Questa scelta di Trump ho scatenato il panico a Washington e in tutto l’ambiente dell’intelligence che del resto lo stesso Trump ha dichiarato di voler epurare radicalmente, insieme all’ambiente militare che gli è stato ferocemente ostile nei quattro anni distacco dal potere. Con l’insediamento della Gabbard, una vera stella di Mosca, il segnale che ha dato Trump è stato più potente di quanto possa esserlo stato quello di Joe Biden sull’okay ai missili.
La reazione di Putin
La reazione di Putin è stata assolutamente contenuta. Anziché rispondere con le armi ha risposto con un protocollo rendendo noto al mondo che, d’ora in poi, la Russia quando dovrà stabilire se, in che modo e in quale misura rispondere al nemico occidentale con bombe atomiche, lo farà sulla base di una nuova dottrina in cui in sostanza si dice che Mosca si riterrà autorizzata a lanciare armi nucleari se un paese non nucleare – come per esempio l’Ucraina -, ma assistito da un paese nucleare – come per esempio gli Stati Uniti – creassero situazioni tali da far temere per la sicurezza del territorio russo.
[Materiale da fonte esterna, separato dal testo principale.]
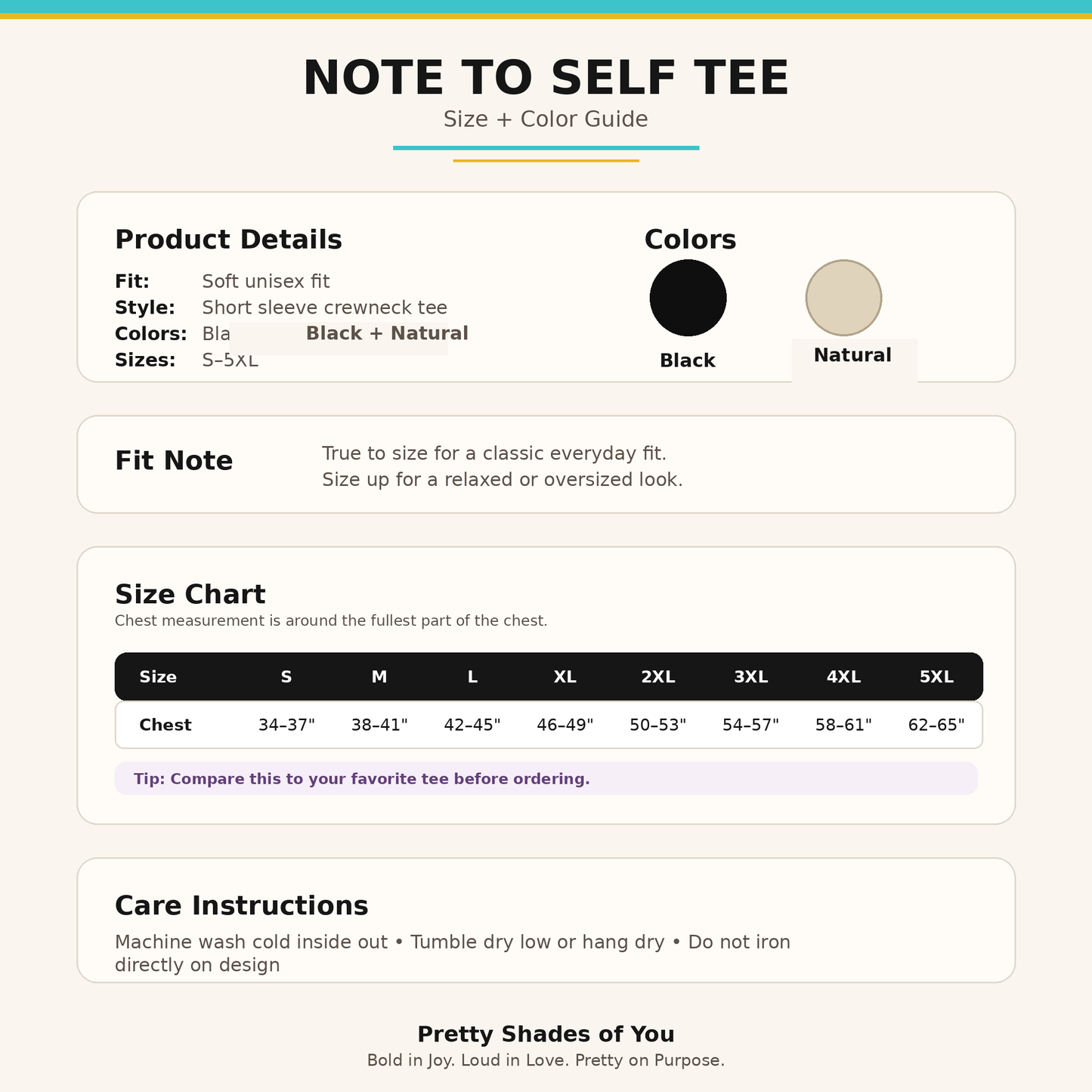 Note to Self Affirmation Tee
Non è una formula veramente guerrafondaia: si può dire che sia il minimo sindacale rispetto ad atti di guerra reali compiuti su suolo russo con armi e assistenza americana per proteggere in particolare il contingente ucraino nel Kursk.
L’attacco violentissimo
Non che ci troviamo certamente alla vigilia dell’alba della pace. Tutt’altro – cresce a Mosca l’influenza del partito diffidente per il quale vale l’opinione dei troiani di fronte all’improvviso gentilezza dei greci: Timeo danaos et dona ferentes, non mi fido di loro nemmeno se portano doni. La linea dei falchi di Mosca è quella di non fidarsi mai di nessuno, temere sempre il complotto dell’invasione e mantenere invita l’ipotesi almeno teorica del primo colpo: “nel caso ritenessimo per nostro sovrano giudizio che l’occidente stia per attaccarci, noi ci riserviamo il diritto di attaccare per primi e con armi nucleari”. Non si tratta per la verità di una nuova dottrina: è esattamente la stessa espressa ogni anno alla riunione dei membri del patto di Varsavia, che era l’anti Nato fino alla fine della guerra fredda. In alcuni documenti cui si diceva che di fronte a un atteggiamento aggressivo delle forze della NATO l’Unione sovietica e i suoi alleati decidevano di procedere con un attacco violentissimo che comprendeva alcune bombe atomiche anche per l’Italia fino a ricacciare oltre l’Oceano gli americani dall’Europa e per sempre.
La resa dei conti
Paradossalmente era un disegno politico affine al pensiero francese di de Gaulle secondo cui l’Europa andava unificata con la Russia bianca mettendo fuori sia gli americani che i russi asiatici. Ora Putin ha non soltanto riscritto questo cosiddetto protocollo ma lo ha reso pubblico al mondo intero, cosa che prima non accadeva, affinché il mondo intero si sentisse intimidito. In realtà la Russia ha partorito un semplice protocollo di nessun valore legale internazionale ma che costituisce un manifesto di buoni propositi e che si può riassumere così: forse riusciremo a contenere i falchi del nostro esercito ed è meglio che chiudiate le vostre ambasciate in Ucraina. Cercheremo di tenere i nervi a posto fino al 20 gennaio quando Trump si insedierà e allora faremo questa attesa resa dei conti.